Record set:
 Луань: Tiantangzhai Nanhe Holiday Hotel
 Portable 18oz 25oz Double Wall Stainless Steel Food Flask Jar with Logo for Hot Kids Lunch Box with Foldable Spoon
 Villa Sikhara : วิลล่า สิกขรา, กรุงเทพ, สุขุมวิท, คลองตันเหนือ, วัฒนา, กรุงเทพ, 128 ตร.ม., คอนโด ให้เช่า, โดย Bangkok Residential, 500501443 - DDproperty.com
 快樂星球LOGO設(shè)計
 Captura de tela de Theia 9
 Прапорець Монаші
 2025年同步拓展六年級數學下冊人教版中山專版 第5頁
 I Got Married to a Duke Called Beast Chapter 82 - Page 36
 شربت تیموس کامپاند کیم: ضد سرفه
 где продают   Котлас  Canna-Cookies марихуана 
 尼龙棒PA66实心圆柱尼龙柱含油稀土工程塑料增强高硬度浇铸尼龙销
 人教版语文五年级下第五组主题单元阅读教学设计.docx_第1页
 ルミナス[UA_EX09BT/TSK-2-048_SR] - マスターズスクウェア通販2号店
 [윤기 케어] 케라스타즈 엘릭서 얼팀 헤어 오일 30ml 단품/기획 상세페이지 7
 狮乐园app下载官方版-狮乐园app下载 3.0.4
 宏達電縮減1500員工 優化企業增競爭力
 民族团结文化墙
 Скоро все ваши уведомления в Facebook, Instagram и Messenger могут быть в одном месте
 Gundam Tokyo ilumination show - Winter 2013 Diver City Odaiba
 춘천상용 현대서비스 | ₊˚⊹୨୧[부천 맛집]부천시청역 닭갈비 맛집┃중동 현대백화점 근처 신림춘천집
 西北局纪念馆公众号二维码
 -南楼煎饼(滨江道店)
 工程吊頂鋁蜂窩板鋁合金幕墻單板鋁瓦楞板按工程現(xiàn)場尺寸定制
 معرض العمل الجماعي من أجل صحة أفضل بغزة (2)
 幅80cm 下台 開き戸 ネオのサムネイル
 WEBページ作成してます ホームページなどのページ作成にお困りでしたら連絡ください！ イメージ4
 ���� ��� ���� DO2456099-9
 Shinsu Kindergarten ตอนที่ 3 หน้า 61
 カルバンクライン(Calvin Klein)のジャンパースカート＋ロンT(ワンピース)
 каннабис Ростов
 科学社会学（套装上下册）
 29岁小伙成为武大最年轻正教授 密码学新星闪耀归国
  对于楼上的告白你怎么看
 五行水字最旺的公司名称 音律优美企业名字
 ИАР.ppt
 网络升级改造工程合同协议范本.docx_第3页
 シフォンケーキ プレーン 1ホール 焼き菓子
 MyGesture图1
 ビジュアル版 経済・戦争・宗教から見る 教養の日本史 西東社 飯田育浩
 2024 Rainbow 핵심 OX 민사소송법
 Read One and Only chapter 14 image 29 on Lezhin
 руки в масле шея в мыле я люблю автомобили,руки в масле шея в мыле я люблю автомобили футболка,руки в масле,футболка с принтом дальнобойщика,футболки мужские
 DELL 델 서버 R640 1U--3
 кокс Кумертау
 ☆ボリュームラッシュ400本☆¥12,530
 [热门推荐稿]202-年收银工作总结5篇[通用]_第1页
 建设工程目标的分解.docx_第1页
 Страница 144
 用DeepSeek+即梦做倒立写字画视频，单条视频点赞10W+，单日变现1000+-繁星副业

What is expected: Write the entries above out again, verbatim.

Task output:
 Луань: Tiantangzhai Nanhe Holiday Hotel
 Portable 18oz 25oz Double Wall Stainless Steel Food Flask Jar with Logo for Hot Kids Lunch Box with Foldable Spoon
 Villa Sikhara : วิลล่า สิกขรา, กรุงเทพ, สุขุมวิท, คลองตันเหนือ, วัฒนา, กรุงเทพ, 128 ตร.ม., คอนโด ให้เช่า, โดย Bangkok Residential, 500501443 - DDproperty.com
 快樂星球LOGO設(shè)計
 Captura de tela de Theia 9
 Прапорець Монаші
 2025年同步拓展六年級數學下冊人教版中山專版 第5頁
 I Got Married to a Duke Called Beast Chapter 82 - Page 36
 شربت تیموس کامپاند کیم: ضد سرفه
 где продают   Котлас  Canna-Cookies марихуана 
 尼龙棒PA66实心圆柱尼龙柱含油稀土工程塑料增强高硬度浇铸尼龙销
 人教版语文五年级下第五组主题单元阅读教学设计.docx_第1页
 ルミナス[UA_EX09BT/TSK-2-048_SR] - マスターズスクウェア通販2号店
 [윤기 케어] 케라스타즈 엘릭서 얼팀 헤어 오일 30ml 단품/기획 상세페이지 7
 狮乐园app下载官方版-狮乐园app下载 3.0.4
 宏達電縮減1500員工 優化企業增競爭力
 民族团结文化墙
 Скоро все ваши уведомления в Facebook, Instagram и Messenger могут быть в одном месте
 Gundam Tokyo ilumination show - Winter 2013 Diver City Odaiba
 춘천상용 현대서비스 | ₊˚⊹୨୧[부천 맛집]부천시청역 닭갈비 맛집┃중동 현대백화점 근처 신림춘천집
 西北局纪念馆公众号二维码
 -南楼煎饼(滨江道店)
 工程吊頂鋁蜂窩板鋁合金幕墻單板鋁瓦楞板按工程現(xiàn)場尺寸定制
 معرض العمل الجماعي من أجل صحة أفضل بغزة (2)
 幅80cm 下台 開き戸 ネオのサムネイル
 WEBページ作成してます ホームページなどのページ作成にお困りでしたら連絡ください！ イメージ4
 ���� ��� ���� DO2456099-9
 Shinsu Kindergarten ตอนที่ 3 หน้า 61
 カルバンクライン(Calvin Klein)のジャンパースカート＋ロンT(ワンピース)
 каннабис Ростов
 科学社会学（套装上下册）
 29岁小伙成为武大最年轻正教授 密码学新星闪耀归国
  对于楼上的告白你怎么看
 五行水字最旺的公司名称 音律优美企业名字
 ИАР.ppt
 网络升级改造工程合同协议范本.docx_第3页
 シフォンケーキ プレーン 1ホール 焼き菓子
 MyGesture图1
 ビジュアル版 経済・戦争・宗教から見る 教養の日本史 西東社 飯田育浩
 2024 Rainbow 핵심 OX 민사소송법
 Read One and Only chapter 14 image 29 on Lezhin
 руки в масле шея в мыле я люблю автомобили,руки в масле шея в мыле я люблю автомобили футболка,руки в масле,футболка с принтом дальнобойщика,футболки мужские
 DELL 델 서버 R640 1U--3
 кокс Кумертау
 ☆ボリュームラッシュ400本☆¥12,530
 [热门推荐稿]202-年收银工作总结5篇[通用]_第1页
 建设工程目标的分解.docx_第1页
 Страница 144
 用DeepSeek+即梦做倒立写字画视频，单条视频点赞10W+，单日变现1000+-繁星副业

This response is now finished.